While opting out will reduce the driver’s bill, this will mean that they will not be reimbursed for vehicle repairs, loss of a vehicle or its contents, or a replacement vehicle, among other items.
Employment Practices Liability Insurance Growing in Popularity
Employment Practices Liability Insurance (“EPL”) was traditionally not a large part of the Canadian Insurance Market offering. This type of insurance covers employers’ defence costs and losses from employment-related claims, including wage and hour disputes and allegations of discrimination, harassment, retaliation and unlawful termination.

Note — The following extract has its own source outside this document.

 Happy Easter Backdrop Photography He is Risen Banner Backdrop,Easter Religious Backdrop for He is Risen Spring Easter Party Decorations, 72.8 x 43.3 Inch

EPL claims are on the rise as the frequency of lawsuits that trigger EPL cover have significantly increased in the past two decades. Employers are becoming more vigilant when it comes to protecting themselves against these claims and considering EPL insurance.
MGA Regulation
Calls for the regulation of Managing General Agencies (MGAs) are prompting consideration of changes in Ontario laws to allow for regulation by the self-governing Registered Insurance Brokers of Ontario (RIBO). RIBO, which already registered MGAs on a voluntary basis, would look to establish licensing for MGAs along with codes of conduct so as to enhance competency and best practices in the industry. MGAs compose a significant part of the wholesale offering of insurance products in Canada, and other Canadian provinces already regulate MGAs, making Ontario, with the nation’s largest broking community, a logical candidate for regulation.
What to look out for in Canada in 2024
We expect to see the continued economic fallout in Canada’s housing market and risks associated with higher interest rates.
We anticipate that the construction industry in Canada will continue to face pressures from supply chain disruptions, labour shortages and price increases due to inflation. While the root of the problem was supply chain disruptions due to the COVID-19 pandemic, new challenges — including geopolitical risks — continue to put pressures on pricing.
A developing economic risk involves the increase in construction costs due to inflation along with an decrease in the ability of consumers to complete purchases of residential properties (in particular condominiums). The lack of funds has imperiled some developers, projects are beginning to stall and buyers are starting to default on deposits.
Some contractors and developers are facing increased challenges to secure funding for projects amidst questions about the bankability of projects. In a high inflationary environment, funders will generally be more cautious when offering funding to projects that are high in value, complex, or have long build times.
Should this trend continue there will likely be failures of developers and their projects; historically, this has resulted in claims against the designers which were responsible to certify payments should the financiers determine after the fact that the value in the construction is less than was certified.